Wednesday, September 27, 2006

It is as silly as it sounds like it is. (Oklahoma Gazette)

It is a solid “B” picture that would have found its home on the Sci Fi Channel if Samuel L. Jackson hadn’t fallen in love with the title. Oh, the title should be spoken with a pause after the first word, and then the last three added as an afterthought.

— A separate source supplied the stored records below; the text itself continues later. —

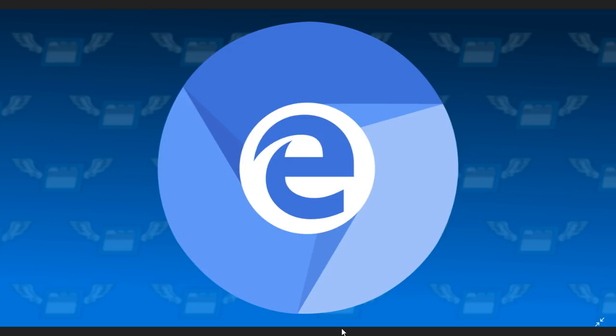The first question is: will the Microsoft Edge Chromium browser be on all versions of Windows 10? Well, it's going to be on Windows 10 and the supported versions, but it's going to be more than that.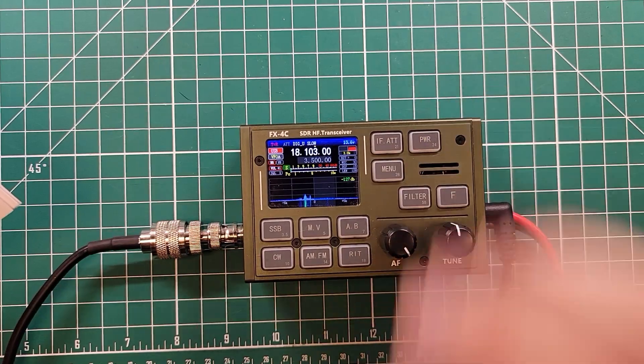The FX4C on digital modes. It's easier than you think it is because everything comes in the box except for the computer. Let's get started.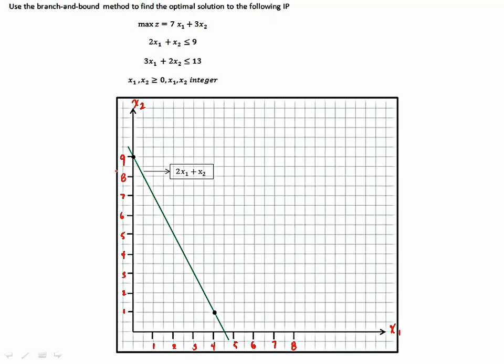You know how to draw this line, right? I don't have to go through that. You make this equal to zero, find two points, and then draw the constraint. Then you perform the same thing with the second constraint, and you find that your feasible region will be this triangle. So this constraint is not affecting your feasible region — for this particular problem, you can ignore it, because it's not delimiting your solution.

And yes, “Snakes . . . on a Plane” is, if you love this kind of silliness as much as you should, more fun than any of summer 2006’s over-produced and over-long blockbusters. Just don’t ask it to make sense.Director David R. Ellis (“Final Destination 2” “Cellular”) seems to be fashioning a career out of turning highly implausible material into amusing entertainments. If SoaP doesn’t earn him a place in the “B” Movie Hall of Fame, I’m turning in my membership card.

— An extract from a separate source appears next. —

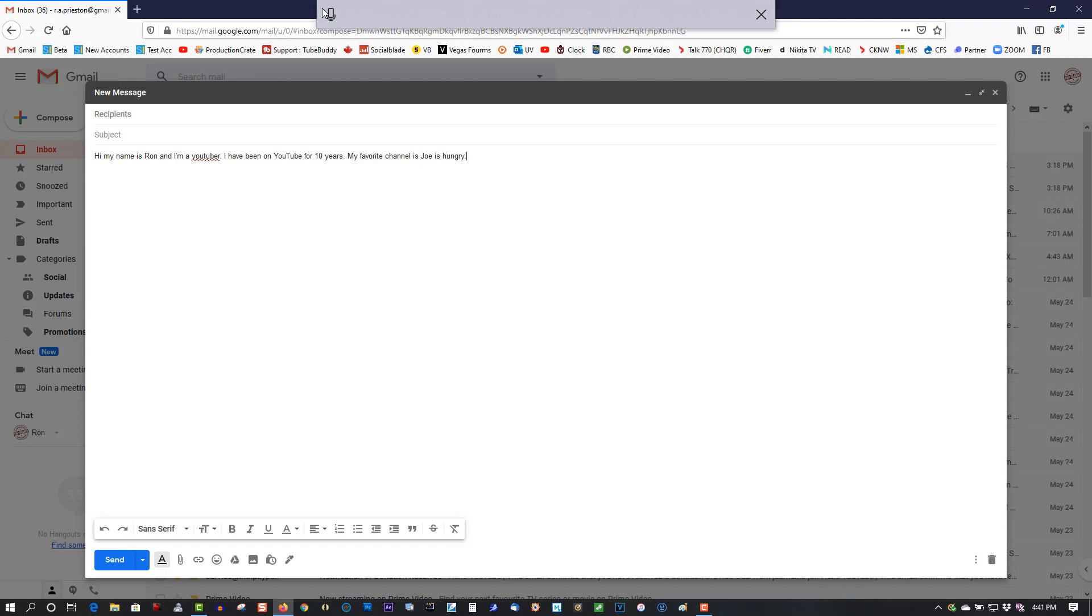It's not a bad speech-to-text program. It's nowhere near as good as Dragon Naturally Speaking, where you have to spend close to $150 for that program, but still a very good tool to have in Windows 10 that's free to use.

A surfer named Sean (Nathan Phillips) inadvertently witnesses a mob killing in Hawaii and is saved from getting killed himself by FBI agent Nelville Flynn (Jackson). Flynn has to take his witness to L.A. and the mob boss whose butt is about to go in the wringer decides to kill agent and witness while they’re in the air.

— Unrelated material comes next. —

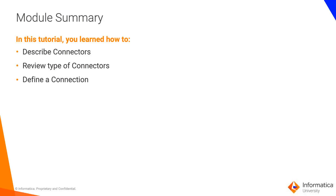In this video, you learned about connectors and connections. Please follow the subsequent videos to learn more about how to create service connectors and connections.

And yes, he attempts this by sneaking 300 venomous snakes onto the plane, in a container with a time lock on its door. When the reptiles are released, ending up even in an air-sick bag to spring out and latch onto some poor woman’s tongue, passengers and crew, led by feisty flight attendant Julianna Margulies, must band together and protect themselves from Many Pythons’ Flying Circus.

Is the motivation for this inanity set up for us? No. Would anyone do this when he could so much more easily plant a bomb on the plane? No. If he saw “Red Eye” last year, wouldn’t the killer know that he could put an assassin on the plane? Sure he would.

Look, I know that one of the mottoes of “B” filmmaking is “Don’t explain, just keep walking,” but I would have liked for this snake schtick to have been set up better. Maybe we could have been told that the killer loves gadgets and complicated death traps.But does any of it matter? No, not if you can suspend disbelief for 106 minutes. If you can’t, go watch another movie.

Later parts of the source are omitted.